Each entry needs to be reproduced exactly as it is.

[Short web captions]
....................

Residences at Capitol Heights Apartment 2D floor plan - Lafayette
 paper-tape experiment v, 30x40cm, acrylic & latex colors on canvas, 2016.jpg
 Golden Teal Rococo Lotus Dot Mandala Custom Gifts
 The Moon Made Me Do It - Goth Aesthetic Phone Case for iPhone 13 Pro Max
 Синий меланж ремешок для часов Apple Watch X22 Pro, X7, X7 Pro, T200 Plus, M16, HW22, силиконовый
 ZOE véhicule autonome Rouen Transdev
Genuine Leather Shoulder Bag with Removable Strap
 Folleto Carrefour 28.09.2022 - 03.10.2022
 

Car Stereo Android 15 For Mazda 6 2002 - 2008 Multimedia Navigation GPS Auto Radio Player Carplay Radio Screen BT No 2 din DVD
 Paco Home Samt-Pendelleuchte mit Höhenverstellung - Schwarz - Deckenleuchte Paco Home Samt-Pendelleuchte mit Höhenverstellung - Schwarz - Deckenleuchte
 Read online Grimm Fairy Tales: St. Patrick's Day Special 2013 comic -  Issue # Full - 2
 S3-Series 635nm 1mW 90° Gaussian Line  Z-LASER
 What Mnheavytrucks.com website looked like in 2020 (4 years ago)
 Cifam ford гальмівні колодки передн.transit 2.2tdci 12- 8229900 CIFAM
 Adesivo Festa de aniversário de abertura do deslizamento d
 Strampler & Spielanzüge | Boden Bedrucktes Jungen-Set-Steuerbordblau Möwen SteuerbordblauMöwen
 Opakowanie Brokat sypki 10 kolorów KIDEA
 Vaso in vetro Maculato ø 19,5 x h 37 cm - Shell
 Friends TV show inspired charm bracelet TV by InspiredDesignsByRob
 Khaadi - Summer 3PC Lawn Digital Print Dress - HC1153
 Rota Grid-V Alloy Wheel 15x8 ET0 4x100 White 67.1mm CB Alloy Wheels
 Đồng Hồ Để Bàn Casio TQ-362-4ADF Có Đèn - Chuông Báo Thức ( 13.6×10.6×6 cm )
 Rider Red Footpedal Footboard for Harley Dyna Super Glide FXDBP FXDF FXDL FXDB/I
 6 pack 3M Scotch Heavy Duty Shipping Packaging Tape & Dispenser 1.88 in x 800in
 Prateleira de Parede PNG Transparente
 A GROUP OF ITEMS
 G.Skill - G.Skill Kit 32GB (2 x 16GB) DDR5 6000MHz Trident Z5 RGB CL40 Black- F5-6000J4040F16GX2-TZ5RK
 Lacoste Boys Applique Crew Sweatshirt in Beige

....................

Response below:
Residences at Capitol Heights Apartment 2D floor plan - Lafayette
 paper-tape experiment v, 30x40cm, acrylic & latex colors on canvas, 2016.jpg
 Golden Teal Rococo Lotus Dot Mandala Custom Gifts
 The Moon Made Me Do It - Goth Aesthetic Phone Case for iPhone 13 Pro Max
 Синий меланж ремешок для часов Apple Watch X22 Pro, X7, X7 Pro, T200 Plus, M16, HW22, силиконовый
 ZOE véhicule autonome Rouen Transdev
Genuine Leather Shoulder Bag with Removable Strap
 Folleto Carrefour 28.09.2022 - 03.10.2022
 

Car Stereo Android 15 For Mazda 6 2002 - 2008 Multimedia Navigation GPS Auto Radio Player Carplay Radio Screen BT No 2 din DVD
 Paco Home Samt-Pendelleuchte mit Höhenverstellung - Schwarz - Deckenleuchte Paco Home Samt-Pendelleuchte mit Höhenverstellung - Schwarz - Deckenleuchte
 Read online Grimm Fairy Tales: St. Patrick's Day Special 2013 comic -  Issue # Full - 2
 S3-Series 635nm 1mW 90° Gaussian Line  Z-LASER
 What Mnheavytrucks.com website looked like in 2020 (4 years ago)
 Cifam ford гальмівні колодки передн.transit 2.2tdci 12- 8229900 CIFAM
 Adesivo Festa de aniversário de abertura do deslizamento d
 Strampler & Spielanzüge | Boden Bedrucktes Jungen-Set-Steuerbordblau Möwen SteuerbordblauMöwen
 Opakowanie Brokat sypki 10 kolorów KIDEA
 Vaso in vetro Maculato ø 19,5 x h 37 cm - Shell
 Friends TV show inspired charm bracelet TV by InspiredDesignsByRob
 Khaadi - Summer 3PC Lawn Digital Print Dress - HC1153
 Rota Grid-V Alloy Wheel 15x8 ET0 4x100 White 67.1mm CB Alloy Wheels
 Đồng Hồ Để Bàn Casio TQ-362-4ADF Có Đèn - Chuông Báo Thức ( 13.6×10.6×6 cm )
 Rider Red Footpedal Footboard for Harley Dyna Super Glide FXDBP FXDF FXDL FXDB/I
 6 pack 3M Scotch Heavy Duty Shipping Packaging Tape & Dispenser 1.88 in x 800in
 Prateleira de Parede PNG Transparente
 A GROUP OF ITEMS
 G.Skill - G.Skill Kit 32GB (2 x 16GB) DDR5 6000MHz Trident Z5 RGB CL40 Black- F5-6000J4040F16GX2-TZ5RK
 Lacoste Boys Applique Crew Sweatshirt in Beige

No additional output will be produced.